Episode boundaries — automatic reset when the robot falls, exits the world, or hits a step budget
Time-synced channels — joint states, body state, contacts, IMU, and command interleaved at a fixed cadence
Curriculum hooks — start poses, target velocities, and terrain are sampled per episode from a YAML schedule
Headless-friendly — designed for the MuJoCo backend on a GPU box

A minimal collection run¶

ros2 launch quad_utils quad_mujoco.py
ros2 launch quad_training collect.py \
  episodes:=1000 \
  curriculum:=stand_walk_basic \
  output_dir:=$HOME/datasets/quad_walk_v1

Output is a directory of .parquet shards plus a manifest.json that maps episode ID → terrain seed → outcome. Loaders for PyTorch and JAX live under quad_training/loaders/.

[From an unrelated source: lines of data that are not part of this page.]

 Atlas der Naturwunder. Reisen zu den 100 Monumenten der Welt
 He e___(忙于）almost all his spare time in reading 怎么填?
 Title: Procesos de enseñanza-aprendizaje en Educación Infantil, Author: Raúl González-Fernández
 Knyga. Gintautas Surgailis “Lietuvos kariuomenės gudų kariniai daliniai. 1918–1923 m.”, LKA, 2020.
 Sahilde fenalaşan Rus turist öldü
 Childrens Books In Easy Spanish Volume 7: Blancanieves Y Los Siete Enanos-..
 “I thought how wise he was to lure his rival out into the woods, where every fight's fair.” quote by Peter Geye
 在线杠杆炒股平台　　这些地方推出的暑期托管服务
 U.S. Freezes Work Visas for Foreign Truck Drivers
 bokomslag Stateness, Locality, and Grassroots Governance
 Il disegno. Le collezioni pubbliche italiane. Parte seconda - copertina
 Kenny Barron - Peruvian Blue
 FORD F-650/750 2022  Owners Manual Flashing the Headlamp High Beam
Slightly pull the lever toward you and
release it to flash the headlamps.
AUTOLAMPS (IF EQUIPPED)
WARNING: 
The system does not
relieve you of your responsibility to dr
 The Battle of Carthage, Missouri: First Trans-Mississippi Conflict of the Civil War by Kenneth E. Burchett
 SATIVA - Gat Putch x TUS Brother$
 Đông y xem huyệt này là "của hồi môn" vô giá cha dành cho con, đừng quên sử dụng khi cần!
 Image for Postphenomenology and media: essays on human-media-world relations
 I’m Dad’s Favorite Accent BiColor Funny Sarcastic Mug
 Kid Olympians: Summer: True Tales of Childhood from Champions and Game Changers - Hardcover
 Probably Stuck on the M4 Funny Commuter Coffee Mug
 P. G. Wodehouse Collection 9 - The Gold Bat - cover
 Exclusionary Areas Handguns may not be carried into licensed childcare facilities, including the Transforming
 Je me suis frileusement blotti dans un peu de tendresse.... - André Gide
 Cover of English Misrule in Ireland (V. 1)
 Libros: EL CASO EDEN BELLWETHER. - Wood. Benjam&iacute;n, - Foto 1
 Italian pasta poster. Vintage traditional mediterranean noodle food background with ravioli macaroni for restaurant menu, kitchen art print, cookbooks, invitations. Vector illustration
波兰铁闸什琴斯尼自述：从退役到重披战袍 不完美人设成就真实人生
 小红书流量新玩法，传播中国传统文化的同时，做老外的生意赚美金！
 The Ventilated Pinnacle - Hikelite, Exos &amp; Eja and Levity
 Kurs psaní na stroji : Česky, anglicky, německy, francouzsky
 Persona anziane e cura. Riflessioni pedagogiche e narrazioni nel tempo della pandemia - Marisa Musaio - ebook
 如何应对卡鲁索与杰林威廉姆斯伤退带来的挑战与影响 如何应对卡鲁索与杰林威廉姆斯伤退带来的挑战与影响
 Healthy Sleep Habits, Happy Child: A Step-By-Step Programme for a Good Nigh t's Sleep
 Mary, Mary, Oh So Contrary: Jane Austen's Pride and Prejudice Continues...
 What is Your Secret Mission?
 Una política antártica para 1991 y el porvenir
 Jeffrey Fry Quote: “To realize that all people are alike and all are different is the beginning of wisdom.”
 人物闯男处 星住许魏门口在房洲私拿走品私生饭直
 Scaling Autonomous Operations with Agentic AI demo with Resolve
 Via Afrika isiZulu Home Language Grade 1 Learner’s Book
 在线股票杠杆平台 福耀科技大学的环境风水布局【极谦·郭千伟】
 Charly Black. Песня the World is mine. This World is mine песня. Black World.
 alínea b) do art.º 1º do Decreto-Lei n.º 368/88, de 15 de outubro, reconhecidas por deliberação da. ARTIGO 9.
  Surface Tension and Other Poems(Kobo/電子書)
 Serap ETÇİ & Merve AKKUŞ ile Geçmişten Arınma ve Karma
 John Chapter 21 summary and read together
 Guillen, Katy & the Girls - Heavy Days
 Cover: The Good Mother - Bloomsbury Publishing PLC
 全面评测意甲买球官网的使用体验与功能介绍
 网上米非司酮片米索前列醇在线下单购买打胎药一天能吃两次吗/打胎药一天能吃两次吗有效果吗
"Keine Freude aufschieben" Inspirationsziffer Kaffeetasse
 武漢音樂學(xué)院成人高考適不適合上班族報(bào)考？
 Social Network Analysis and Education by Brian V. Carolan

What gets logged per step¶

Channel	Shape	Notes
`obs.body_state`	(13,)	pos (3) + quat (4) + lin_vel (3) + ang_vel (3)
`obs.joint_state`	(24,)	pos (12) + vel (12)
`obs.contacts`	(4,)	bool per leg
`obs.cmd_vel`	(3,)	linear x/y, angular z
`action`	(12,)	joint commands as logged by the controller
`reward`	(1,)	from `reward_fn` in the curriculum YAML
`done`	(1,)	episode-terminal flag

Curricula¶

Curriculum YAMLs live in quad_training/config/curricula/. Each is a list of stages with sampling rules. Example:

- name: stand
  duration_eps: 200
  init_pose:
    sampler: nominal
  cmd_vel:
    sampler: zero
  terrain: flat
  reward: stand_upright

- name: walk_flat
  duration_eps: 500
  init_pose:
    sampler: nominal_jitter
    jitter: 0.05
  cmd_vel:
    sampler: uniform
    range: { vx: [-0.5, 1.0], vy: [-0.3, 0.3], wz: [-0.5, 0.5] }
  terrain: flat
  reward: track_cmd_vel

Reproducibility¶

Each episode logs:

Curriculum stage + step within stage
RNG seed (used for terrain, init pose, perturbations)
Robot URDF SHA + per-robot YAML SHA
Quad-SDK git SHA

Together these let you re-run a problematic episode bit-for-bit on the MuJoCo backend.

Running on a cluster¶

The quad_training rig spins up one MuJoCo instance per worker; on a 16-core box you can pack ~12 collectors and saturate I/O before CPU. There's a --launch-mode=detached flag that supervises children and writes shards as they complete (so a crash loses at most one episode).

Troubleshooting¶

Episodes look correct, model trains poorly

Check the reward curve in the manifest. If it's noisier than expected, your reset condition may be triggering early — inspect done flag distribution per stage.

Workers desync after a few hours

Long collection runs occasionally drift on heavily-loaded shared boxes. Pin workers with taskset or move to a dedicated machine.

Loader complains about schema mismatch

Curriculum changes that add/remove channels invalidate older shards. The manifest carries a schema hash — gate loaders on it.